Material shown.
*** Begin section ***

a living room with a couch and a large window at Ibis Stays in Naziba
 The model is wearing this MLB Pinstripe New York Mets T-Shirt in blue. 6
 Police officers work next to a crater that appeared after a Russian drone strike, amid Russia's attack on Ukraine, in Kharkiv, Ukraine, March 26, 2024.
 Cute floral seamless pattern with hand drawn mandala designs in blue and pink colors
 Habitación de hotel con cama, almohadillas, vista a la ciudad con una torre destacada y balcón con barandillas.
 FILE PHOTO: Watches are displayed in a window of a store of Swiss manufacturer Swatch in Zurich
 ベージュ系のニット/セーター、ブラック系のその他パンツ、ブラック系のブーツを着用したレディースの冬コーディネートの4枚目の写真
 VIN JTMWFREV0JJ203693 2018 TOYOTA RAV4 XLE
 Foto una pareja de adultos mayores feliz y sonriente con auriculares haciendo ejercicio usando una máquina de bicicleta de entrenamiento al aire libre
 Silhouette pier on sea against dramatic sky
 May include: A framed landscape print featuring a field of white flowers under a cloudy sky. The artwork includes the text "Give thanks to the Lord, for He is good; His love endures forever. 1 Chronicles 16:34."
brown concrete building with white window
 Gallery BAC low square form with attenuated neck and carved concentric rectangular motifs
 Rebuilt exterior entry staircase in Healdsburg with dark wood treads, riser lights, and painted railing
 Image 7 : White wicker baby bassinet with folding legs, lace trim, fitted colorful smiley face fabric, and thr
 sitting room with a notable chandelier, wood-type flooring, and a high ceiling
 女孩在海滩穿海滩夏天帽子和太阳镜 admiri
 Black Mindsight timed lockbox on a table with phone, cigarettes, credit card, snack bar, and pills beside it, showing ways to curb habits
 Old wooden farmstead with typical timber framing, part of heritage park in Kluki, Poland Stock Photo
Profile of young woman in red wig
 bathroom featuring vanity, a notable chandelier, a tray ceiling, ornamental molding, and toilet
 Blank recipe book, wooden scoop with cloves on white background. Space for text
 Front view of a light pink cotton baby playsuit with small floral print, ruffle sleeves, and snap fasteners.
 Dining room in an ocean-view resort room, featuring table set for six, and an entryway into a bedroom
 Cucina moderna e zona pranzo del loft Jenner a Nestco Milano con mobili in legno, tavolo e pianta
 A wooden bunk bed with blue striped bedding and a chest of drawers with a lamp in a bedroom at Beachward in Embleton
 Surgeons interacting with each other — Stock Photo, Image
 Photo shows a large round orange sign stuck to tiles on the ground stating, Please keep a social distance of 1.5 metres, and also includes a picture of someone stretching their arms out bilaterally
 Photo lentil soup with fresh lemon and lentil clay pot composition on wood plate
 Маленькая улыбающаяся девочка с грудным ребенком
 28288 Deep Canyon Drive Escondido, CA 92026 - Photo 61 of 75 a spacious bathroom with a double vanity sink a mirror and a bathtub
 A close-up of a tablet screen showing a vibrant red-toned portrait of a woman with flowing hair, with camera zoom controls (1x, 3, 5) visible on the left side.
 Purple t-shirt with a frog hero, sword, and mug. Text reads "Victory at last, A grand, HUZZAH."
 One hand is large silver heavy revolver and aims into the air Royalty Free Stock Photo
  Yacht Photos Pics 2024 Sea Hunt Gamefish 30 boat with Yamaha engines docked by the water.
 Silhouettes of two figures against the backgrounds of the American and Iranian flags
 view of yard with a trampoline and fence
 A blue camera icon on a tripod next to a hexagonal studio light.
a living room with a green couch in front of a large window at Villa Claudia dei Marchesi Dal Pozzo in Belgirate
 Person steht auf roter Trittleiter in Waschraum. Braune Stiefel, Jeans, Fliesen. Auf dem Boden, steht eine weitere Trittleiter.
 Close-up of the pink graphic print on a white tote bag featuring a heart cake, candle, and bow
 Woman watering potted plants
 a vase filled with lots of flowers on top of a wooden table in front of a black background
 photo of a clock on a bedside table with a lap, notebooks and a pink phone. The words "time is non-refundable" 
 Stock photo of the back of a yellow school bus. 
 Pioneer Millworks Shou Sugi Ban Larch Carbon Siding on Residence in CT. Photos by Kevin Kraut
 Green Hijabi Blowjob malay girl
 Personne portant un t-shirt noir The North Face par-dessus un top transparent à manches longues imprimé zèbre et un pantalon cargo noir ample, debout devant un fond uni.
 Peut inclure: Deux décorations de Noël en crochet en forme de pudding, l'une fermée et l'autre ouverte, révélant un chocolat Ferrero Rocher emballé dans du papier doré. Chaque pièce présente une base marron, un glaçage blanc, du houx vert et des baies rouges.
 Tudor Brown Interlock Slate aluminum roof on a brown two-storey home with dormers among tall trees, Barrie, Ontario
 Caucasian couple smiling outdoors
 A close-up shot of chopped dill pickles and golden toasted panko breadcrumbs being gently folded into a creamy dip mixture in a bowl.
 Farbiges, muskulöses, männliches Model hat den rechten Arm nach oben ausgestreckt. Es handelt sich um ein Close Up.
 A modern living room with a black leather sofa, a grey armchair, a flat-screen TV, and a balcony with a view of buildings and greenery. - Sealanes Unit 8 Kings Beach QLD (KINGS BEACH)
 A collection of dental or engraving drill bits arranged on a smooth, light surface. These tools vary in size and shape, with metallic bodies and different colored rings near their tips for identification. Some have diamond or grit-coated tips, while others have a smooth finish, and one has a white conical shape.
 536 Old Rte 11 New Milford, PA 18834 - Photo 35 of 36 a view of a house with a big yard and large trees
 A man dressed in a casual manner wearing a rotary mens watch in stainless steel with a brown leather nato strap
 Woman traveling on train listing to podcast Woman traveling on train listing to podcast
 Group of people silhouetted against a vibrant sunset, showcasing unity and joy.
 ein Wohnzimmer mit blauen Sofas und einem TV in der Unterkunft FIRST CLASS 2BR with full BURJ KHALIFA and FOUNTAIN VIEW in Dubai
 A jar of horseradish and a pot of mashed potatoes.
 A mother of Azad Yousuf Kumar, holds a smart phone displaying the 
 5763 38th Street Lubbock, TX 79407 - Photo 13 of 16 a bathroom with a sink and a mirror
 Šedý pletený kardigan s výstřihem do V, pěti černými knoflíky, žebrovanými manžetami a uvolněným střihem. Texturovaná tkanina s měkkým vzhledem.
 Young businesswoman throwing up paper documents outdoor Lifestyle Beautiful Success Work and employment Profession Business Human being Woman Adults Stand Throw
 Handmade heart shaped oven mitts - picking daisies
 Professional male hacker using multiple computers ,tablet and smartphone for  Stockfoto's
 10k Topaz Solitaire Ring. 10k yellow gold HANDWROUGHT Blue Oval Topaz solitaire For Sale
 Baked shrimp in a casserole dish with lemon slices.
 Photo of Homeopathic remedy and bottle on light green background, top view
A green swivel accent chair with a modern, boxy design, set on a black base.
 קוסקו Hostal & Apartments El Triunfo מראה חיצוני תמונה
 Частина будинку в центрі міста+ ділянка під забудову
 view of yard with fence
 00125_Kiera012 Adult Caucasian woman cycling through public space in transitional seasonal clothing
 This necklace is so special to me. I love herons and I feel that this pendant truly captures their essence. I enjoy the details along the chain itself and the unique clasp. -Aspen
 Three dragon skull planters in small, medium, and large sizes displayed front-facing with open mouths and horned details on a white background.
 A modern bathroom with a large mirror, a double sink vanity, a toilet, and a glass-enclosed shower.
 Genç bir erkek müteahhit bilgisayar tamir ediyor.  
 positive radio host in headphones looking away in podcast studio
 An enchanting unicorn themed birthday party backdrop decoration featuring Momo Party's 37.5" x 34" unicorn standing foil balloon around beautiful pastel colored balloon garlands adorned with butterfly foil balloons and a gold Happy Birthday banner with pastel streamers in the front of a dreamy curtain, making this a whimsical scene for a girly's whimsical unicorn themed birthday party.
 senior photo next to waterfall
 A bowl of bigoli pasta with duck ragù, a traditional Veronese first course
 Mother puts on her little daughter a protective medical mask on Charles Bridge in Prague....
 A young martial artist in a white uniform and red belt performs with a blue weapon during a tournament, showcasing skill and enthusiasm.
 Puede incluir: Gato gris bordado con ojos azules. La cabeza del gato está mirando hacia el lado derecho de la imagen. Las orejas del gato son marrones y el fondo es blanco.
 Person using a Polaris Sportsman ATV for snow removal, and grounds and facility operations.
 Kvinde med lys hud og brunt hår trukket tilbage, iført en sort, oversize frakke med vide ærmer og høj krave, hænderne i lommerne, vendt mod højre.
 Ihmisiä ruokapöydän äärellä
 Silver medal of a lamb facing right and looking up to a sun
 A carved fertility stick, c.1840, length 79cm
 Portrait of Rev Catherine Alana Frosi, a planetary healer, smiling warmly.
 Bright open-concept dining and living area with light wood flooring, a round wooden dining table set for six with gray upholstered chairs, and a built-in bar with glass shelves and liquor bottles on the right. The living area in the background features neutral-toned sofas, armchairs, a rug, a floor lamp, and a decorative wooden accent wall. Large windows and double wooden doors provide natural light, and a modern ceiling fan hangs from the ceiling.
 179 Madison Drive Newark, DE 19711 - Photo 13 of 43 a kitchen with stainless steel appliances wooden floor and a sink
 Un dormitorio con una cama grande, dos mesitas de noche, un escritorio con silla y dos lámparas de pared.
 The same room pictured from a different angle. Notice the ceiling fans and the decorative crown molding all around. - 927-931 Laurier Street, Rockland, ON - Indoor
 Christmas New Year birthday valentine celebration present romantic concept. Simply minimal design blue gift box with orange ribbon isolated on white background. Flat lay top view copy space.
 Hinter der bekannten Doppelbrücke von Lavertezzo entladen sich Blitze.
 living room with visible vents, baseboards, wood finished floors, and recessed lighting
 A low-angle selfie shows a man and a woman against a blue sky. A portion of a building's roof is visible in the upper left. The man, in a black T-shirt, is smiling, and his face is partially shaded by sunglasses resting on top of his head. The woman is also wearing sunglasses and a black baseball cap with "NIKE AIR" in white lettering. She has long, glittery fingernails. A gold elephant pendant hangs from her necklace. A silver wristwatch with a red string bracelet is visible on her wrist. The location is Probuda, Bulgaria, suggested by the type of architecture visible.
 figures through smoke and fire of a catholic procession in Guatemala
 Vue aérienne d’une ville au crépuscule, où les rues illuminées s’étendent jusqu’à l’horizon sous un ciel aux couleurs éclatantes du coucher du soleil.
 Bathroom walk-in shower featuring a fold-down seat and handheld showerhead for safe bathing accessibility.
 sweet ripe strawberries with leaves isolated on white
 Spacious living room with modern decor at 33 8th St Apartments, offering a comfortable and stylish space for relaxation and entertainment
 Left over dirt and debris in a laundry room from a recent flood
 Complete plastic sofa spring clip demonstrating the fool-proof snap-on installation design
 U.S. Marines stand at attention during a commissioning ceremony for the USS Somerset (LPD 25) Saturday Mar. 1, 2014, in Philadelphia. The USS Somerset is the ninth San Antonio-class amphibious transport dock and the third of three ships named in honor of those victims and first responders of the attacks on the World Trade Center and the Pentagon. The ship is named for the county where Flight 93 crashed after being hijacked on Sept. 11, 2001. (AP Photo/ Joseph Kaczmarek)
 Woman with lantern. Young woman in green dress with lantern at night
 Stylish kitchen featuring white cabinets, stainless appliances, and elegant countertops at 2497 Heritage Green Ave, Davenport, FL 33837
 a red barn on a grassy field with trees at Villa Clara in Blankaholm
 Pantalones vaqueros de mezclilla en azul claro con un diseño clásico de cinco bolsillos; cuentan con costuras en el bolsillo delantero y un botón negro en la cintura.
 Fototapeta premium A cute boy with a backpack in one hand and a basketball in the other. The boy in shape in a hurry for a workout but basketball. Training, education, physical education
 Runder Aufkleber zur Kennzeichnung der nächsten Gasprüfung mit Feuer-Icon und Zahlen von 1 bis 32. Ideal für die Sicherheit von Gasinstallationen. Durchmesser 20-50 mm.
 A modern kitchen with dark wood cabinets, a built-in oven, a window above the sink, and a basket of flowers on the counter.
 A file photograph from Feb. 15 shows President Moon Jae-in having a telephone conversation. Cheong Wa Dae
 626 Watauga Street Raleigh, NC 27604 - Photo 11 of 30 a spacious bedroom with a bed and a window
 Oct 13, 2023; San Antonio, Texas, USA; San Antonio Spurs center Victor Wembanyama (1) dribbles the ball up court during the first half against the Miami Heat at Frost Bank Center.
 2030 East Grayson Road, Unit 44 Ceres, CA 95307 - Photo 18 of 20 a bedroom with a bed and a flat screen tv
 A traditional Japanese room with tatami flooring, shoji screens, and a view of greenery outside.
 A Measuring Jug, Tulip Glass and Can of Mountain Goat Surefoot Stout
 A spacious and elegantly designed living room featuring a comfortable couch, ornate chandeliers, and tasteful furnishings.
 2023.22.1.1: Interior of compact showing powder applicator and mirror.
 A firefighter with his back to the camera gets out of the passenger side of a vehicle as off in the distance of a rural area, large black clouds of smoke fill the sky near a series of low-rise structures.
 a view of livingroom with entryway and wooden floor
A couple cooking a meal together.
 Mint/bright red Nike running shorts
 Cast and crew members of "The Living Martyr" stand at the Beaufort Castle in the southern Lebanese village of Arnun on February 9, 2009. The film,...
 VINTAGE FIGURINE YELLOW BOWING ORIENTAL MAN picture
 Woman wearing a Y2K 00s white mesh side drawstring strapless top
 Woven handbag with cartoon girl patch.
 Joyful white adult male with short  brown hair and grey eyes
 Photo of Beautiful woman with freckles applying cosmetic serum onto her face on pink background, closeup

*** End section ***

Task prompt.
The answer is the lines above between the line holding "Blank recipe book, wooden" and the line holding "Surgeons interacting with", inclusive, each written out exactly, and no others.

Result.
 Blank recipe book, wooden scoop with cloves on white background. Space for text
 Front view of a light pink cotton baby playsuit with small floral print, ruffle sleeves, and snap fasteners.
 Dining room in an ocean-view resort room, featuring table set for six, and an entryway into a bedroom
 Cucina moderna e zona pranzo del loft Jenner a Nestco Milano con mobili in legno, tavolo e pianta
 A wooden bunk bed with blue striped bedding and a chest of drawers with a lamp in a bedroom at Beachward in Embleton
 Surgeons interacting with each other — Stock Photo, Image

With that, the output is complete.